Ernst Lubitsch’s adaptation of a 1901 German stage play was MGM’s second-most expensive silent production, after Ben-Hur. A young prince (Ramon Novarro) is sent to Heidelberg for his education, falls in love with an innkeeper’s niece (Norma Shearer), and is called back to his kingdom to assume the duties his birth demands. The story is pure romantic formula; what Lubitsch does with it is graceful, wise, and heartbreaking.

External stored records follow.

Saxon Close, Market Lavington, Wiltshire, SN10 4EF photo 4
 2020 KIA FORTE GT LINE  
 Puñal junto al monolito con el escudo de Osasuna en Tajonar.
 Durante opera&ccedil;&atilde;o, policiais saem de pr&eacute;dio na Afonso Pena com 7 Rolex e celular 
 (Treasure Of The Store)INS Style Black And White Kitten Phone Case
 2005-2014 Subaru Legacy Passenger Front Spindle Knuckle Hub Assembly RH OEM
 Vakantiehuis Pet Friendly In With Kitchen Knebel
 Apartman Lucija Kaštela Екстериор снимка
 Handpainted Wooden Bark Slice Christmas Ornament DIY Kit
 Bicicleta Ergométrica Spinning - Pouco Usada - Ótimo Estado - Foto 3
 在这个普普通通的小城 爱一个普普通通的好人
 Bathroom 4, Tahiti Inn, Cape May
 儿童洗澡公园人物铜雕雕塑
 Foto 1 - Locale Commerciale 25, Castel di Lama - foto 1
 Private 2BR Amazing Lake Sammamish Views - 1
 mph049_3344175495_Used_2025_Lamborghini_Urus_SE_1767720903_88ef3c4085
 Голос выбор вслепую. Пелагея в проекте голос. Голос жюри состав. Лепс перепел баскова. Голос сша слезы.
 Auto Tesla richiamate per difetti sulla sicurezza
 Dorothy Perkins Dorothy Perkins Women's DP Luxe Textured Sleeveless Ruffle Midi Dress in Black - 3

The love scenes have an intimacy that comes from the accumulation of small, specific gestures rather than dramatic declaration—the quality later critics would call “the Lubitsch Touch” already fully formed here. Jean Hersholt gives the film’s most unguarded performance as the prince’s tutor, whose own attachment to Heidelberg runs deeper than he can articulate. Lubitsch had reservations about both his leads (he reportedly told Shearer she played the waitress “in too grand a manner”), but the friction between his instinct for understatement and the actors’ broader style produces its own
tension. The film lost $307,000 on first release. Its reputation has only grown since.
This new digitization from a nitrate print acquired from MGM in the 1930s represents the first time the full domestic release version has been restored.